> _Task prompt_
Beneath this task are records; print exactly the stretch of them from the line with "2022 Hyundai Santa Cruz SEL" through the line with "business casual vittorio", both ends included.

[Records from a collection]
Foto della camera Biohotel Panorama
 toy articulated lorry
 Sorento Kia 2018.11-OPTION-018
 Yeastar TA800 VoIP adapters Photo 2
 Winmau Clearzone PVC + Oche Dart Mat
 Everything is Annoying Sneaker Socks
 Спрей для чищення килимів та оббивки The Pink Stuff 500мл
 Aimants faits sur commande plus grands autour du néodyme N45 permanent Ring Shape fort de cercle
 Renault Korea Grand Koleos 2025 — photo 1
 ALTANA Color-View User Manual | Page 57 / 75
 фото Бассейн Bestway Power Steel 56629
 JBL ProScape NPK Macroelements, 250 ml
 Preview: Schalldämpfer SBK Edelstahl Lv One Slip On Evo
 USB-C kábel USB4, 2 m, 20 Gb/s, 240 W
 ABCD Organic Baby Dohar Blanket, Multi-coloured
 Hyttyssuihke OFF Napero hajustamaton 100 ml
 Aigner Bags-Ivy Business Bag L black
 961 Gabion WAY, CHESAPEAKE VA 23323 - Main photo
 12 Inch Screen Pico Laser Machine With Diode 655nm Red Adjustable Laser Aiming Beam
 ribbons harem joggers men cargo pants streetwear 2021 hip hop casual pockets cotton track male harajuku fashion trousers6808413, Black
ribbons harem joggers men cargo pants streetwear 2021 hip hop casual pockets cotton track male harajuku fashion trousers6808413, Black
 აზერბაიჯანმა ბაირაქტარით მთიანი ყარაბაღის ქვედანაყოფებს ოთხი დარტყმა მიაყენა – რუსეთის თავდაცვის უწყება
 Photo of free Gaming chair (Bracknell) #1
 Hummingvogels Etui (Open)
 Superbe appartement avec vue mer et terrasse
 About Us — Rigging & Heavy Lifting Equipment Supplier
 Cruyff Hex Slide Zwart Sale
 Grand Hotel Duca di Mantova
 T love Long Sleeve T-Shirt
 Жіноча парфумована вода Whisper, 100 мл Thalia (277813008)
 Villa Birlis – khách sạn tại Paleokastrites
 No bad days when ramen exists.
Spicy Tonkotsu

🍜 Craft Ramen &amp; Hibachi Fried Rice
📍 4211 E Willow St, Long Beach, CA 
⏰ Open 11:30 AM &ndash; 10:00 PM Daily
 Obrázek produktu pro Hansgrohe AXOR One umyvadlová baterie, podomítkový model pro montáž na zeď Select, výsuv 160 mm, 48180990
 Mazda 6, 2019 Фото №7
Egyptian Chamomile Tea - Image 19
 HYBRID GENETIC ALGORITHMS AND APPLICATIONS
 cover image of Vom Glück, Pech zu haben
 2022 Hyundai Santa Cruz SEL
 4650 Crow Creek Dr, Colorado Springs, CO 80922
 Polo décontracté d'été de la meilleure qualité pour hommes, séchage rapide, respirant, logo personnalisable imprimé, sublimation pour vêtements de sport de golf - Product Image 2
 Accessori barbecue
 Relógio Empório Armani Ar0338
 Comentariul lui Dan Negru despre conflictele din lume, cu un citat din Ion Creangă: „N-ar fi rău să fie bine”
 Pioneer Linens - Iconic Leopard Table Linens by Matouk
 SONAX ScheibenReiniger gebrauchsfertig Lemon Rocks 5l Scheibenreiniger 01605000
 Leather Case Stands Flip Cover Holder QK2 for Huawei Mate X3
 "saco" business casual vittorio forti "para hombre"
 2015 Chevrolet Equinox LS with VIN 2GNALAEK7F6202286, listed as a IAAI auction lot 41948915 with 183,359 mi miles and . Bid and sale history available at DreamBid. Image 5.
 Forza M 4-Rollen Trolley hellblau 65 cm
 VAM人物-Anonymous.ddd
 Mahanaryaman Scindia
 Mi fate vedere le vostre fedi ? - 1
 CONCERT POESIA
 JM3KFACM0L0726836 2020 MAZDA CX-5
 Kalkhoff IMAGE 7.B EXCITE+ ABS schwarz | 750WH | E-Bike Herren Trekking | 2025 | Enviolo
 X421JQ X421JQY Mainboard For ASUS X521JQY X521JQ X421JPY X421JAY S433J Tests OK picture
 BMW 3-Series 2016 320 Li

> _Finished task_
 2022 Hyundai Santa Cruz SEL
 4650 Crow Creek Dr, Colorado Springs, CO 80922
 Polo décontracté d'été de la meilleure qualité pour hommes, séchage rapide, respirant, logo personnalisable imprimé, sublimation pour vêtements de sport de golf - Product Image 2
 Accessori barbecue
 Relógio Empório Armani Ar0338
 Comentariul lui Dan Negru despre conflictele din lume, cu un citat din Ion Creangă: „N-ar fi rău să fie bine”
 Pioneer Linens - Iconic Leopard Table Linens by Matouk
 SONAX ScheibenReiniger gebrauchsfertig Lemon Rocks 5l Scheibenreiniger 01605000
 Leather Case Stands Flip Cover Holder QK2 for Huawei Mate X3
 "saco" business casual vittorio forti "para hombre"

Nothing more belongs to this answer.